#### [How to complete this task]
Only a slice of the listing below is wanted. Retype the lines from the one containing "Sacred Basil Throw Pillow" through the one containing "tommy jeans men's", exactly, both ends included.

#### [Data for the task]
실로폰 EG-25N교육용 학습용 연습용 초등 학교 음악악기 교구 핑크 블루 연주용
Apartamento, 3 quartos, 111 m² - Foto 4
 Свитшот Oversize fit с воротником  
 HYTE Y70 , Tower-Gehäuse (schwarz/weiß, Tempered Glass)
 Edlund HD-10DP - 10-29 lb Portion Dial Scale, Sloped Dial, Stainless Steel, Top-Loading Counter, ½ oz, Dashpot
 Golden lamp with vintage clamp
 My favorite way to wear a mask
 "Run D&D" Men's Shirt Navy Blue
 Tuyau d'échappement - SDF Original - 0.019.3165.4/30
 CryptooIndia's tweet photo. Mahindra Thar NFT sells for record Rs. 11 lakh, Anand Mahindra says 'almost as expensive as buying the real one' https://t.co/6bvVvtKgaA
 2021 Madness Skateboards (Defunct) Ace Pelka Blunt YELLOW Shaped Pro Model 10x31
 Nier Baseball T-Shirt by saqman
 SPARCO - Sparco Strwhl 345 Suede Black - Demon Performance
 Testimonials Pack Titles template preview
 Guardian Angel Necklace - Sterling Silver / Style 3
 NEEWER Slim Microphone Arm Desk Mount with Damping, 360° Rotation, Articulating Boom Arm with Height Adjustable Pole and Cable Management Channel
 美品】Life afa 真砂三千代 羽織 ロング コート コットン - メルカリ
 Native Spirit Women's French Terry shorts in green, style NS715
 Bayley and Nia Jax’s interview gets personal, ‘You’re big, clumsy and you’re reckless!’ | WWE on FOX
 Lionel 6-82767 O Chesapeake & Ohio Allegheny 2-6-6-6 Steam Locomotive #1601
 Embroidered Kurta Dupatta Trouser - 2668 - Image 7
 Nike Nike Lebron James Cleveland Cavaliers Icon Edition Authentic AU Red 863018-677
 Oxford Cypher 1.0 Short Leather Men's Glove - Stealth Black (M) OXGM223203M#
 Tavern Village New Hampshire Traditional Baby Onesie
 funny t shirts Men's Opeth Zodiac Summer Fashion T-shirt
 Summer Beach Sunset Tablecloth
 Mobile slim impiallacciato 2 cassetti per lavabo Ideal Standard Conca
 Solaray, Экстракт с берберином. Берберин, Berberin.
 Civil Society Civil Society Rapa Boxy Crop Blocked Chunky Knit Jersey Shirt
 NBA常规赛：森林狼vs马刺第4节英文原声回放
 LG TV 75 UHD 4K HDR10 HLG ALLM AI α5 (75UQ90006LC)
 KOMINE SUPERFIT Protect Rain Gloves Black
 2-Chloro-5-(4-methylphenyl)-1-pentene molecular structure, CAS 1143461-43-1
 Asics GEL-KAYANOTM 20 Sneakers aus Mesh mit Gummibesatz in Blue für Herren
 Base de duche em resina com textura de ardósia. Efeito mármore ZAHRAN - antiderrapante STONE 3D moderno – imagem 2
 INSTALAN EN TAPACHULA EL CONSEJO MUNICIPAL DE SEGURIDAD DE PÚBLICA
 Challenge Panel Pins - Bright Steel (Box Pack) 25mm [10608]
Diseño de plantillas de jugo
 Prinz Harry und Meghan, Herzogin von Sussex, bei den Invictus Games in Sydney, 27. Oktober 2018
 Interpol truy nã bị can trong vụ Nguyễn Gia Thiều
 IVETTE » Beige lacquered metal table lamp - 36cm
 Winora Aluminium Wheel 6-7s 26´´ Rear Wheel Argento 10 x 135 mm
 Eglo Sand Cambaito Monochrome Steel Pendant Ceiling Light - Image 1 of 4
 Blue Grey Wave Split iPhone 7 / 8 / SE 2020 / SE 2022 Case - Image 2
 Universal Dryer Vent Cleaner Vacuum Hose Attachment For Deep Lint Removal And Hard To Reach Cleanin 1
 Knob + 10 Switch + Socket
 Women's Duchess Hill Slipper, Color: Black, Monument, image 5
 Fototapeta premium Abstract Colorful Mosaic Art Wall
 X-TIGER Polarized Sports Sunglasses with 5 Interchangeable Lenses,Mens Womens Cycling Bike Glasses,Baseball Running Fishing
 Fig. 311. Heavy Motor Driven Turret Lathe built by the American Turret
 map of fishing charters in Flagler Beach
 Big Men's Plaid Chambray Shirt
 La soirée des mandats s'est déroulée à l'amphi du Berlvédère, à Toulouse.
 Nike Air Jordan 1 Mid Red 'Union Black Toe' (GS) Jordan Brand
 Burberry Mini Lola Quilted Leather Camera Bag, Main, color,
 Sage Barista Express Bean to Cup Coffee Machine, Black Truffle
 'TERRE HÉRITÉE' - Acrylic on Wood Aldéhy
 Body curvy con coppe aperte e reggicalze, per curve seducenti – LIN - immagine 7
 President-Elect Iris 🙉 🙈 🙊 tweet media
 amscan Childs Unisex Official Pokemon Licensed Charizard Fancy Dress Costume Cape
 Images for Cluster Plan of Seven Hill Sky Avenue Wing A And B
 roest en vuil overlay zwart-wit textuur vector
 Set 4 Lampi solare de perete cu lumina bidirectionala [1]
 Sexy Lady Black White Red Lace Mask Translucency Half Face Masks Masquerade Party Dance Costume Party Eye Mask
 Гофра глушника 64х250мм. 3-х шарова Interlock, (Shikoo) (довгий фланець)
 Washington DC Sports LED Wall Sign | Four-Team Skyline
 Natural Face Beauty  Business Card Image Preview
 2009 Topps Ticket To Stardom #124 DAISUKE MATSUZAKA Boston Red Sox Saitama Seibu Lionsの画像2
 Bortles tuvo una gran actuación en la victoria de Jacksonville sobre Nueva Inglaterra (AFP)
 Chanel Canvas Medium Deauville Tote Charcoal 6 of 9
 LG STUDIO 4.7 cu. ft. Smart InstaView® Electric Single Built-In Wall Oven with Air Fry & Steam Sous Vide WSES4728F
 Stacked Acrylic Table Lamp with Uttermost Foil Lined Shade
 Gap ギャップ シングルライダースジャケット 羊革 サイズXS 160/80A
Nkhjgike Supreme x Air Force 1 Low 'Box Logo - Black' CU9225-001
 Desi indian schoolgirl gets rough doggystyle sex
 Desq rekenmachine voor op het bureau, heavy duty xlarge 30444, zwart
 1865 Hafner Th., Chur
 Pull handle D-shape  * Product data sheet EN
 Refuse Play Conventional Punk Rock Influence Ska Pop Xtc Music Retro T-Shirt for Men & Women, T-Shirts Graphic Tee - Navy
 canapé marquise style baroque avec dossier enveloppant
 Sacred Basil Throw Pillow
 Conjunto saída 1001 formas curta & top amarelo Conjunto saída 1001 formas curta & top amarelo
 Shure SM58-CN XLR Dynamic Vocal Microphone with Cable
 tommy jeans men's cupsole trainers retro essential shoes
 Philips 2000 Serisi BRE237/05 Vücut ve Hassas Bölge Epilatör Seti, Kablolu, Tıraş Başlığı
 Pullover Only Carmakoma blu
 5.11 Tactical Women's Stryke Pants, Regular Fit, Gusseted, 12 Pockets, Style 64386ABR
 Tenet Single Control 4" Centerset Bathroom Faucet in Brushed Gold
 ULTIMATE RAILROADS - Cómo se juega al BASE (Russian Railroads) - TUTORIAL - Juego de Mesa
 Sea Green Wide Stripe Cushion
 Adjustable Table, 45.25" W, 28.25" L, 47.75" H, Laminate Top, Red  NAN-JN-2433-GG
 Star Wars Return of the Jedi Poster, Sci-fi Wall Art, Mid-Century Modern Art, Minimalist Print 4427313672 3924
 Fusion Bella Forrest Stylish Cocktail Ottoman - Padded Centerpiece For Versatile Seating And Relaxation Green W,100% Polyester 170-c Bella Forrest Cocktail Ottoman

#### [Response to this task]
 Sacred Basil Throw Pillow
 Conjunto saída 1001 formas curta & top amarelo Conjunto saída 1001 formas curta & top amarelo
 Shure SM58-CN XLR Dynamic Vocal Microphone with Cable
 tommy jeans men's cupsole trainers retro essential shoes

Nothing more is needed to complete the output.